Two plaintiff groups, the North Carolina A. Philip Randolph Institute and Action NC, filed suit in September 2020. They argued that the felon voting law forced them to spend time and money advising felons about their rights. The plaintiffs are working with lawyers from the Southern Coalition for Social Justice.

Critics of North Carolina’s felon voting restrictions turned their attention back to federal court last year, less than two months after the NC Supreme Court rejected a challenge of the state’s felon voting restrictions in April 2023.

Plaintiffs in a separate case called Community Success Initiative v. Moore had challenged felon voting restrictions — § 13-1 — through the state court system. Activists hoped to open the door to voting for as many as 56,000 felons who had completed active prison time but had not completed their full sentences.

A split 2-1 trial court ruling, upheld by a split 2-1 state Appeals Court decision, allowed felons to register and vote in the November 2022 election.

The state’s highest court overruled lower courts five months later.

“Our state constitution ties voting rights to the obligation that all citizens have to refrain from criminal misconduct,” wrote Justice Trey Allen for the 5-2 majority. “Specifically, it denies individuals with felony convictions the right to vote unless their citizenship rights are restored ‘in the manner prescribed by law.’ No party to this litigation disputes the validity of Article VI, Section 2(3) of the North Carolina Constitution.”

“This case is therefore not about whether disenfranchisement should be a consequence
of a felony conviction,” Allen added. “The state constitution says that it must be, and we are bound by that mandate.”

Plaintiffs instead challenged laws approved in the 1970s to set the rules for felons to regain voting rights. “The evidence does not prove that legislators intended their reforms … in the early 1970s to disadvantage African Americans, nor does it substantiate plaintiffs’ other constitutional claims,” Allen wrote. “It is not unconstitutional to insist that felons pay their debt to society as a condition of participating in the electoral process. We therefore reverse the trial court’s final order and judgment.”

“The General Assembly did not engage in racial discrimination or otherwise violate the North Carolina Constitution by requiring individuals with felony convictions to complete their sentences — including probation, parole, or post-release supervision — before they regain the right to vote,” Allen added.
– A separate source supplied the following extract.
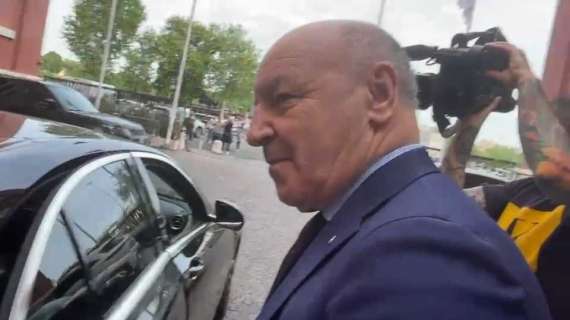 VIDEO - Colpo Rabiot-Inter e ritorno alla Juve: Marotta risponde ai cronisti e a un tifoso all'uscita dal CONI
Justice Anita Earls wrote for the dissenting Democratic justices. “The majority’s decision in this case will one day be repudiated on two grounds,” she wrote. “First, because it seeks to justify the denial of a basic human right to citizens and thereby perpetuates a vestige of slavery, and second, because the majority violates a basic tenant of appellate review by ignoring the facts as found by the trial court and substituting its own.”


  1. Sorry Ms. Earls….but if you commit and are convicted of a felony, the People’s will dictates that you’ve chosen to forfeit your rights completely and utterly. Unless your case is overturned and your charges vacated, I see no reason to restore someone’s “rights” when they had no problem violating the rights of their own neighbors.
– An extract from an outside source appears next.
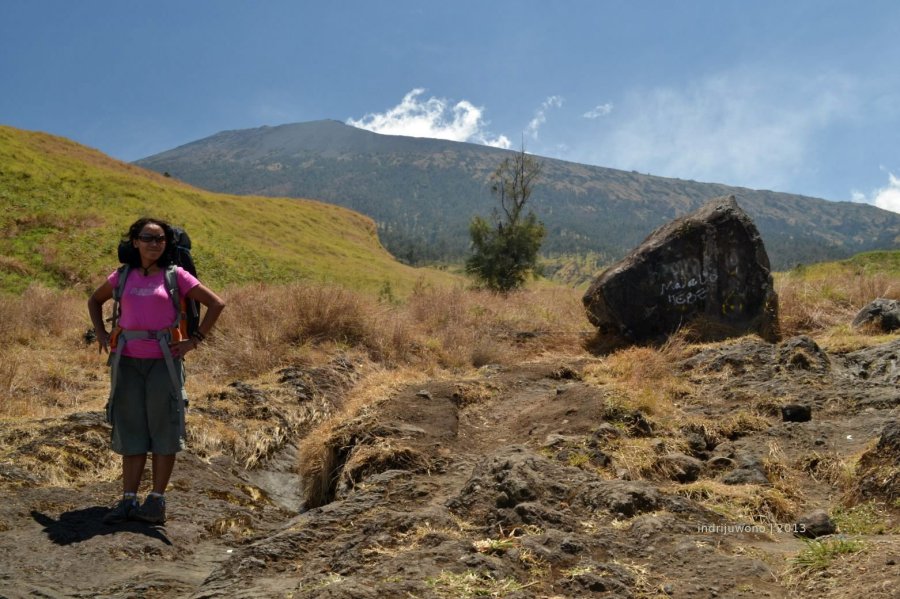 di depan pos 1, sudah cukup cemilan setelah 2 jam berjalan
  2. If a person has completed their sentence in full, then they should be able to vote and if you are not a violent offender you should have your gun rights restored as well. People make mistakes and some get caught and some don’t but I am sure that most can agree that some of the people that are in charge of things have done far worse and don’t have any labels to follow them around because of preferential treatment.